Daniélou studied at La Sorbonne and passed his agrégation in grammar in 1927. He joined the Society of Jesus in 1929 and during his regency taught at a boys’ school in Poitiers, from 1934 to 1936. He then studied theology at Fourvière in Lyon under Henri de Lubac, who introduced him to patristics and the Fathers of the Church. He was ordained a priest on 20 August 1938.
During World War II, from 1939–1940 Daniélou served with the French Air Force. With the fall of France to the Nazis he returned to civilian life and entered doctoral studies, completing in 1942 his thesis on the spiritual doctrine of St. Gregory of Nyssa. He was then appointed chaplain to the female section of the École Normale Supérieure, at Sèvres. He spent most of his time on research in patristics and in that same year, along with the Jesuits Claude Mondésert, and Henri de Lubac he founded the Sources Chrétiennes collection, a bilingual collection of patristic texts.
Then in 1944 he was named Professor of Early Christian History at the Institut Catholique de Paris, later becoming dean there. Beginning in the 1950s he produced several historical studies which included The Bible and the Liturgy, The Lord of History, and From Shadows to Reality that provided background for the development of Covenantal Theology.
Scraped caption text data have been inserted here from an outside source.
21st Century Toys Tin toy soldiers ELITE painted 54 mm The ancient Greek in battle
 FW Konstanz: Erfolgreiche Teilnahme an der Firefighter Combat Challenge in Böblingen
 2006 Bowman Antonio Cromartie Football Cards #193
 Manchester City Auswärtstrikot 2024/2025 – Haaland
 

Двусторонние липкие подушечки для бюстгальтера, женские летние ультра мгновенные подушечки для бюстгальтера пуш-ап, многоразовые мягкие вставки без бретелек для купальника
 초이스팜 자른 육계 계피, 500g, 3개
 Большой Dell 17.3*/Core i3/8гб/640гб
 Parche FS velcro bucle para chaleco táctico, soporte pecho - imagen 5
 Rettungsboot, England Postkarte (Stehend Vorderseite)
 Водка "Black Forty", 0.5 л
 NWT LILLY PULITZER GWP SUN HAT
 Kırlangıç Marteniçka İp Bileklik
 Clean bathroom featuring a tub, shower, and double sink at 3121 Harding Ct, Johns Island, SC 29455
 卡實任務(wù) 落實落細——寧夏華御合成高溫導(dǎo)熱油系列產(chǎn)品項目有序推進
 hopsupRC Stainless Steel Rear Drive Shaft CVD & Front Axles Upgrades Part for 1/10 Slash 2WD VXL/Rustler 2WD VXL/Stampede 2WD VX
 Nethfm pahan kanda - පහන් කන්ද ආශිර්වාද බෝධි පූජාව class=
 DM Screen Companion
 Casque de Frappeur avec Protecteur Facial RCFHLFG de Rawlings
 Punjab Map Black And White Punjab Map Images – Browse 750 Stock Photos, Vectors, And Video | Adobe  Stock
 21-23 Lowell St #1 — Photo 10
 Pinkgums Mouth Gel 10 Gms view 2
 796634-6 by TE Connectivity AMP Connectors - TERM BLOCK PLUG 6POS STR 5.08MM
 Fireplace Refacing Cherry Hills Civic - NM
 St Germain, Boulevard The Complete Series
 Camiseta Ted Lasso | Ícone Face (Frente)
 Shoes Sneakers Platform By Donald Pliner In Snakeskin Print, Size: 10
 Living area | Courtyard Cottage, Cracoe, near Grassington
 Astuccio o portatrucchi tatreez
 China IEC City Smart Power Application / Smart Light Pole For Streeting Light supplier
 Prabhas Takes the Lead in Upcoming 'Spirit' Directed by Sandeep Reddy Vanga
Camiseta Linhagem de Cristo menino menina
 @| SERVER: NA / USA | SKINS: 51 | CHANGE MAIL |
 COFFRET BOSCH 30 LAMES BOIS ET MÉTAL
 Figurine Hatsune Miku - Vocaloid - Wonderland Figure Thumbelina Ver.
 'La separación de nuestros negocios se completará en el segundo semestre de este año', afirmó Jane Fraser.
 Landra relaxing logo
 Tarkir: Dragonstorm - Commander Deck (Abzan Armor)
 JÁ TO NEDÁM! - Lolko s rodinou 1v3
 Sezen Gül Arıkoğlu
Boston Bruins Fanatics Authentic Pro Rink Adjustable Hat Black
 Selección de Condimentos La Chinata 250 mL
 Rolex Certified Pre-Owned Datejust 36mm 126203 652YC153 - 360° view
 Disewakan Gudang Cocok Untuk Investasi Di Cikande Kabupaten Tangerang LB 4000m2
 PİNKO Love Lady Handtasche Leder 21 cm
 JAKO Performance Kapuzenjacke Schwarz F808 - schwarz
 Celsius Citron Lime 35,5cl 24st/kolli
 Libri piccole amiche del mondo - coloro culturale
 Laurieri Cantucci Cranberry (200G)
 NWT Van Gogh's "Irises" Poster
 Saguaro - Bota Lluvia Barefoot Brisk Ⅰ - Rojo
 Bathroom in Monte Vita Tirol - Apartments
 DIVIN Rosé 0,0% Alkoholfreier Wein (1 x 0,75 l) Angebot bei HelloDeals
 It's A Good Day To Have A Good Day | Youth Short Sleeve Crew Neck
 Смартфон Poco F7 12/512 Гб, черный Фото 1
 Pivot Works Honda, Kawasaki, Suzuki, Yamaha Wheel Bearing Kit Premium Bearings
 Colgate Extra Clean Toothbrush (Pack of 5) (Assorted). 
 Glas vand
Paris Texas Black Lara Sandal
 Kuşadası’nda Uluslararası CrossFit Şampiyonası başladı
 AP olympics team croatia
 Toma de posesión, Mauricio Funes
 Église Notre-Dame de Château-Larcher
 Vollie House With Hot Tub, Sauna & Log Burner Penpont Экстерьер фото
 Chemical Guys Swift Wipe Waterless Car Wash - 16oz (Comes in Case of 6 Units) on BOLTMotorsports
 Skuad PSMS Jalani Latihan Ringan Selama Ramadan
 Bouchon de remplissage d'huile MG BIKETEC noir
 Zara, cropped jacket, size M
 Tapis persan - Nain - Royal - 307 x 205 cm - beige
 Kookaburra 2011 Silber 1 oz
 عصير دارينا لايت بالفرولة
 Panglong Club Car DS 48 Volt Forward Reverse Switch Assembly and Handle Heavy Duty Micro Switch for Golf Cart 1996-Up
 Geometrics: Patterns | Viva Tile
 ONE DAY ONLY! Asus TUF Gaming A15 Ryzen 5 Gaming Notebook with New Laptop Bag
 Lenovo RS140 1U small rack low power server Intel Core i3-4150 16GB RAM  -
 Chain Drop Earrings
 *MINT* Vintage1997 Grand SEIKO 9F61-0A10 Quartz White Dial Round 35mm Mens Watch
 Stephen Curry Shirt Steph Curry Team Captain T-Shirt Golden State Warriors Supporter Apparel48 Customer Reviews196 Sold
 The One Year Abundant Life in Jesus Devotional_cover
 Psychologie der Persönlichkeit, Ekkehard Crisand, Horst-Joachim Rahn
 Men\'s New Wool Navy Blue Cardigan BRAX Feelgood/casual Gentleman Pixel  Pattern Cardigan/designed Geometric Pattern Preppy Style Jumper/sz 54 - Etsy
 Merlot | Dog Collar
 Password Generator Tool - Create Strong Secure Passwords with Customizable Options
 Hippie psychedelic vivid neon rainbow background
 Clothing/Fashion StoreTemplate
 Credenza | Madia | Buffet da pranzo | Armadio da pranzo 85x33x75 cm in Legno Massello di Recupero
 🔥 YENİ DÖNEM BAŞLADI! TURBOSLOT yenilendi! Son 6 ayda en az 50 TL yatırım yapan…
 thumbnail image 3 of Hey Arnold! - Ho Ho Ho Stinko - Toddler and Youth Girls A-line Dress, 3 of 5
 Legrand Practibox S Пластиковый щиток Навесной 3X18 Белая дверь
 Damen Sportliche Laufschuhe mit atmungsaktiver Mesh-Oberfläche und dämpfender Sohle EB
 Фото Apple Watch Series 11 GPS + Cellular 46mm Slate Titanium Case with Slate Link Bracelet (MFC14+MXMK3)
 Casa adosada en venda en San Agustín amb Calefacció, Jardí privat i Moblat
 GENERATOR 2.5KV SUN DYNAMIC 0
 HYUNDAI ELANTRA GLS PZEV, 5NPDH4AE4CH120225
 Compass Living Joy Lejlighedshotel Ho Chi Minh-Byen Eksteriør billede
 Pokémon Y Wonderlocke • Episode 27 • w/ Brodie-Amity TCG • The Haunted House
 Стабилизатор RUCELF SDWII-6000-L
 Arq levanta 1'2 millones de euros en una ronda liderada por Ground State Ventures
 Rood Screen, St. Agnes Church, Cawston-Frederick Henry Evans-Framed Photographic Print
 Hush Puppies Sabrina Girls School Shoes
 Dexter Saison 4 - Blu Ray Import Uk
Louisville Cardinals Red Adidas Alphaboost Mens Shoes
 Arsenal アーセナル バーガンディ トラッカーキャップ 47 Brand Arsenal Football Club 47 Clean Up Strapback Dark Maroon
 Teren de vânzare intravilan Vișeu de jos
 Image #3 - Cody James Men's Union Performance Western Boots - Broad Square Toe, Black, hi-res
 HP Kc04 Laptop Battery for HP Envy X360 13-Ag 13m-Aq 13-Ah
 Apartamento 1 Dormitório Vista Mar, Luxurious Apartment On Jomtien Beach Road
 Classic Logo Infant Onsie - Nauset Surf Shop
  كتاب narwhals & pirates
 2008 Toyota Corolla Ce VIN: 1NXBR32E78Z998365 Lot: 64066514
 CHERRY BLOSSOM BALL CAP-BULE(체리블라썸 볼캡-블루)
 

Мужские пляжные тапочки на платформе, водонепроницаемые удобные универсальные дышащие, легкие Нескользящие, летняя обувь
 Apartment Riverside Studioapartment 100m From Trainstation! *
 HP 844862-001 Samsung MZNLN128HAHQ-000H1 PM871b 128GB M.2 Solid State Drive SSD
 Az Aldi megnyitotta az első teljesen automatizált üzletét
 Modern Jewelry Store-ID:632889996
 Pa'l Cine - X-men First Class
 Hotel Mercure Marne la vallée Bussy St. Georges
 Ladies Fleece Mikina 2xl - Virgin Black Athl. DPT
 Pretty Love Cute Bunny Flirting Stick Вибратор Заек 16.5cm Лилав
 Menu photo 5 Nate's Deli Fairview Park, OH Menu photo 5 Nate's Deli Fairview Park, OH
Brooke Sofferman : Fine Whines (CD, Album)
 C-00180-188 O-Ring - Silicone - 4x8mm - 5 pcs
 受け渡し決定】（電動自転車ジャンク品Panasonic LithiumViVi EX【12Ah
Thoroughly grounded in the Fathers of the church, who worked from Scripture, Daniélou generally avoided the neo-Thomistic terminology and approach and used a more relational vocabulary, emphasizing our self-gift in response to God’s gift in Jesus Christ, with the gradual unveiling of the Trinitarian life in history.
Pope John XXIII appointed Daniélou a peritus for the Second Vatican Council. In 1969 Pope Paul VI made him a cardinal, with the episcopal titular see of Taormina, and Cardinal-Deacon of San Saba. Similar to his theology professor Henri de Lubac he twice refused the cardinalate but accepted on the insistence of Paul VI. He was elected to the Académie Française on 9 November 1972, to succeed Cardinal Eugène Tisserant, who himself was a prominent and long-time member of the Roman Curia.
In 1974 he died unexpectedly at the age of 69 in the home of a parishioner. He was said to be bringing money to pay for the bail of the woman’s husband. Daniélou’s brother Alain pointed to this as proof that he had always gone out of his way to serve those in most need.